Quote from the New York Review 1971.
Morris is really good at picking apart a very Japanese cultural gravitation towards the underdog; although I don’t think it’s necessarily unique to the Japanese.
For example; there seems to be a whole recent revaluation of the last days of Napoleon (Oh God how the French kicked back against the recent Ridley Scott movie), so,.., with Napoleon, was he rags to riches, poor boy to military hero, leader to dictator, to emperor, and then just victim of his own folly, ending at Waterloo and then St Helena? But, as Ridley Scott shows; there was a certain romance attached to it.
Japanese cultural principles.
What comes across in Morris’s book are those very same qualities that are literally woven into the fabric of Japanese martial culture; the Budo attributes, variously listed as:
· Jin – Benevolence.
· Gi – Honour or Justice.
· Rei – Courtesy and etiquette.
· Chi – Wisdom or intelligence.
· Shin – Sincerity.
· Chu – Loyalty.
· Koh – Piety.
To Morris, without really spelling it out, these are the glue that holds the whole thing together.

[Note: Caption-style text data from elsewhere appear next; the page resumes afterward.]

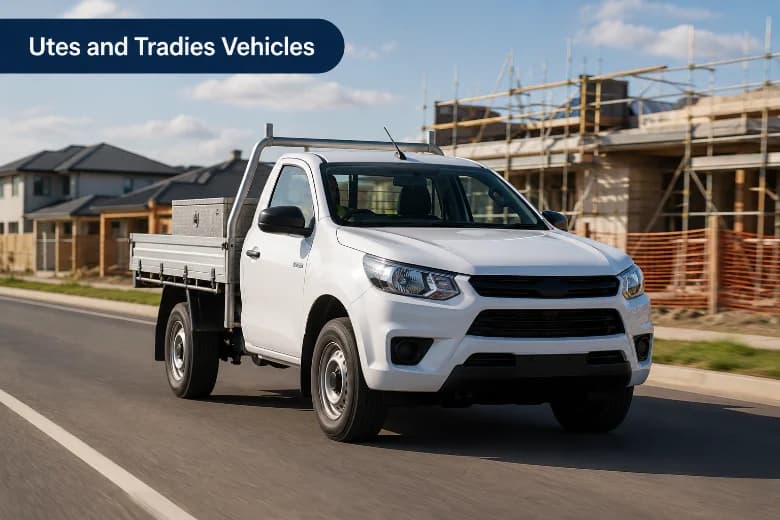 White single-cab ute with a tray driving past an Australian residential building site
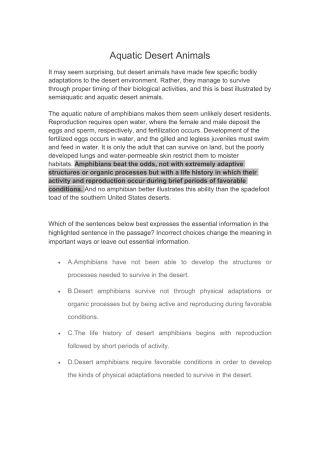 Aquatic Desert Animals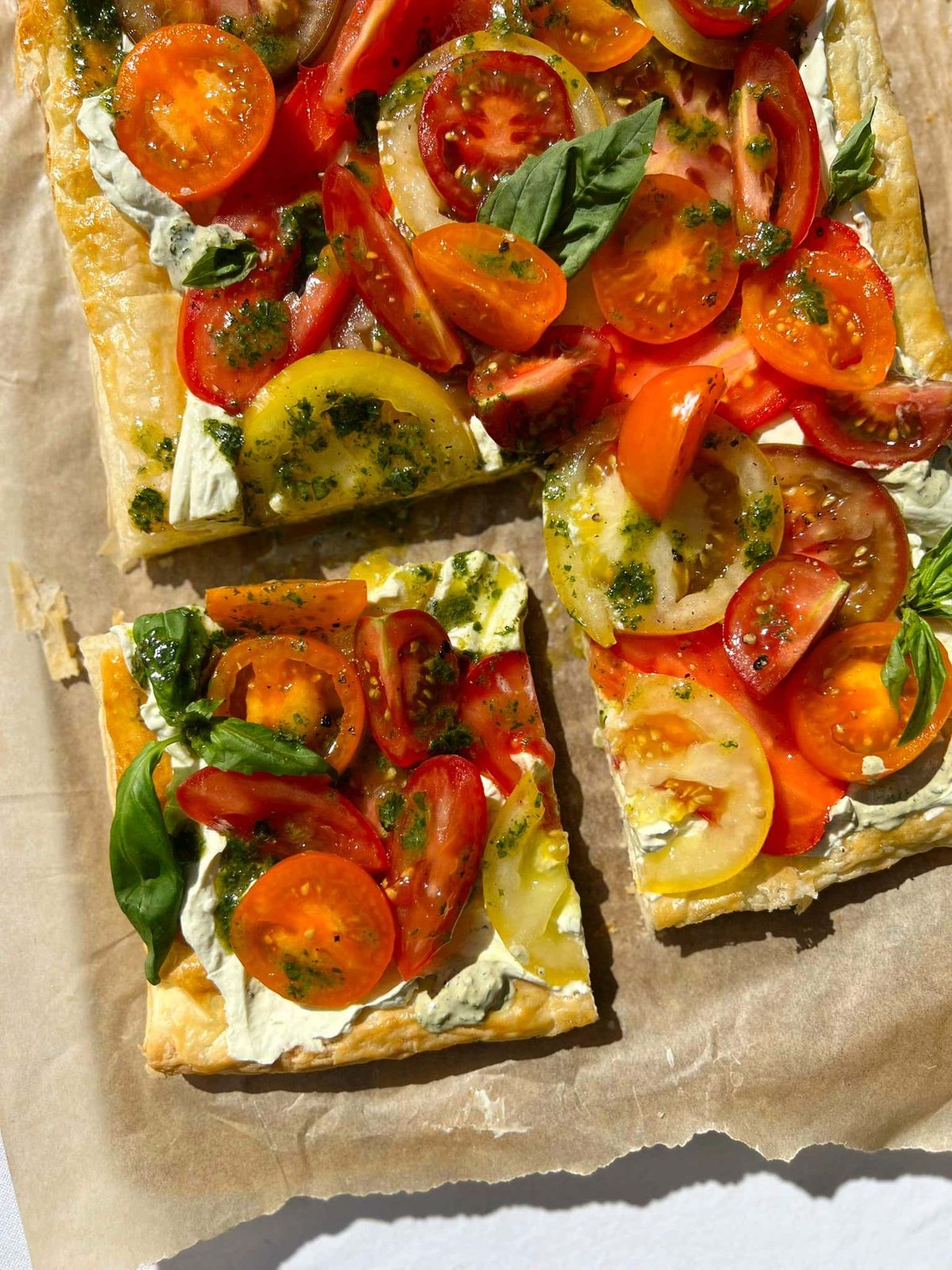 Puff Pastry Tart with Fresh Tomato and Ricotta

In the book, he takes us on a chronological history of specific examples, explained without getting bogged down in dull scholarly detail.
The final chapter relates to the Pacific War and the Kamikaze pilots, which Morris deals with in an appropriately detached objective manner.
Heroes and villains.
The book highlights the Japanese adoration of the doomed hero, nearly always undone by treachery. But what about the traitors?
Often these same ruthless individuals were the ones responsible for improving the state of the nation for the greater good. But the Japanese deplore the very idea of powerful but ultimately well-meaning brokers who feel the need to employ dastardly subterfuge to achieve their ends.
Explore the story of ‘the last samurai’ (on which the character of Katsumoto in the Tom Cruise movie is based). The real ‘last samurai’ was Saigo Takamori (1822 – 1877) who led the doomed Satsuma rebellion against the Meiji government and died on the battlefield after taking a mortal bullet in the hip and then ritually beheaded by one of his faithful followers.
With a book of this nature it’s not just the history, it’s the mentality. Of course you could find similar examples in the west, everybody cheers for the underdog, but there is something distinctly different about the Japanese attitude towards the legacy of the failed mission, the doomed individual, taken with all their imperfections.
I would direct readers to the observation of the frequency of self-destruction in these tales. In the western tradition it is rare to find an equivalent of the ritualised, supposedly highly honourable act of Seppuku (Hara-Kiri). You have to wonder about that.
All the same, a book worth reading.
Re: Mishima just read Beautiful Star after getting bombarded with YouTube shorts of Mishima a month ago. Recommend.